Punctuating your studying with breaks and creating positive habits to start your studying routine will make the task seem less daunting and keep your brain from frying. Fried brains don’t learn well, so it’s better, more efficient, and less stressful to take breaks!
2. Create and establish a relaxing night routine
It’s pretty easy to get into the mindset of “I must study” late at night, especially if you haven’t studied as much as you wanted during the day. But, staying up late to study before an exam won’t do you much good. In preparation for exams, it’s important to end your day on a positive and relaxing note.
Step 1: Put away the study materials.
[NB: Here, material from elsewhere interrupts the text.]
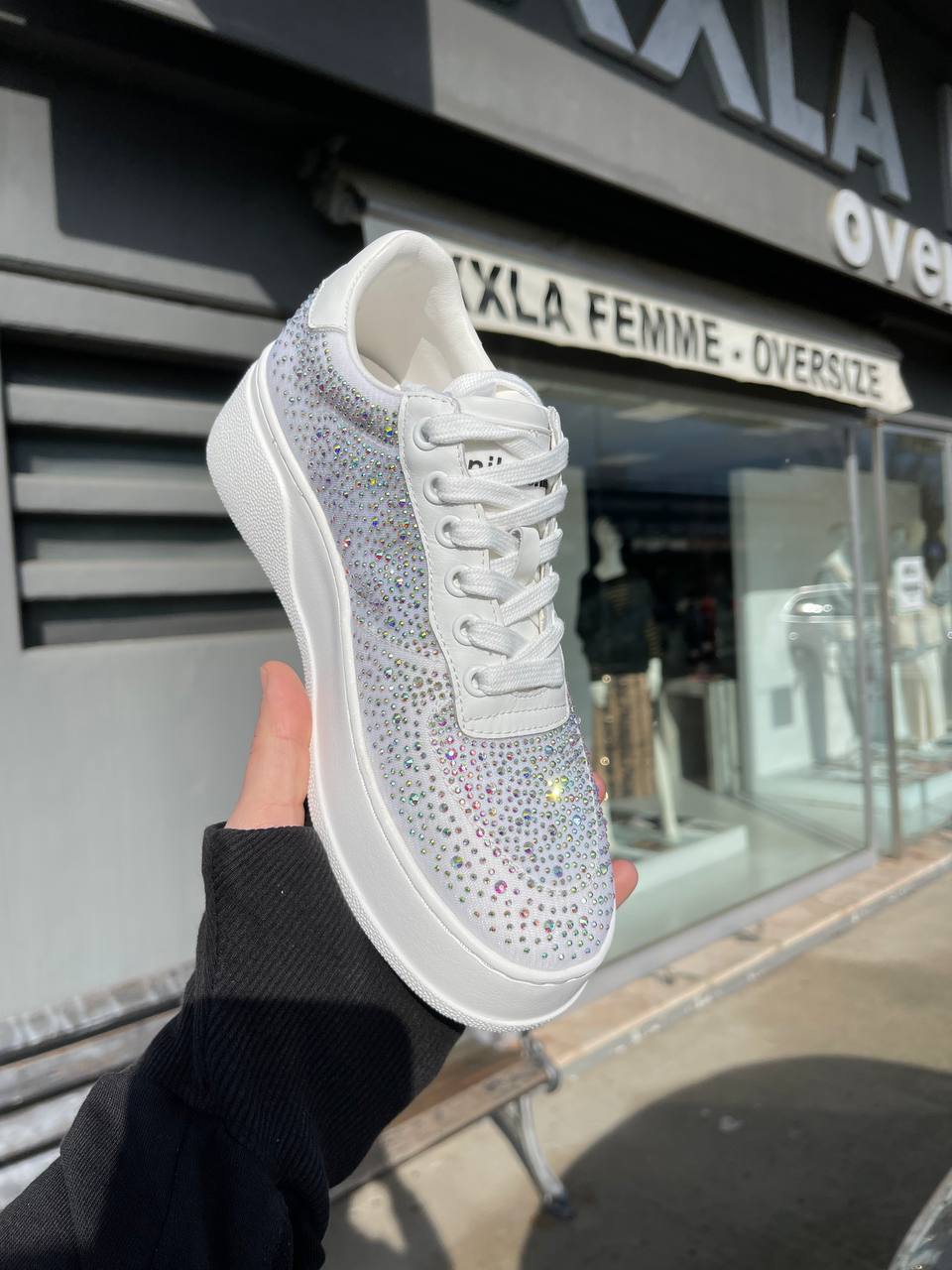 Фото Nila Nila - Обувь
Get your papers back into your bag, your review books back on the shelf, and your pencils back in their case. Get those physics equations, president names, and graphs out of your head for the rest of the night.
Step 2: Get ready for the next day – take a shower, set out your clothes, pack your bag, straighten up your room
Step 3: Reward yourself for the accomplishments you made that day – try writing a “to done” list of all the things you did and concepts you mastered or made progress on. It’ll reduce frustration and help you keep track of where you’re at.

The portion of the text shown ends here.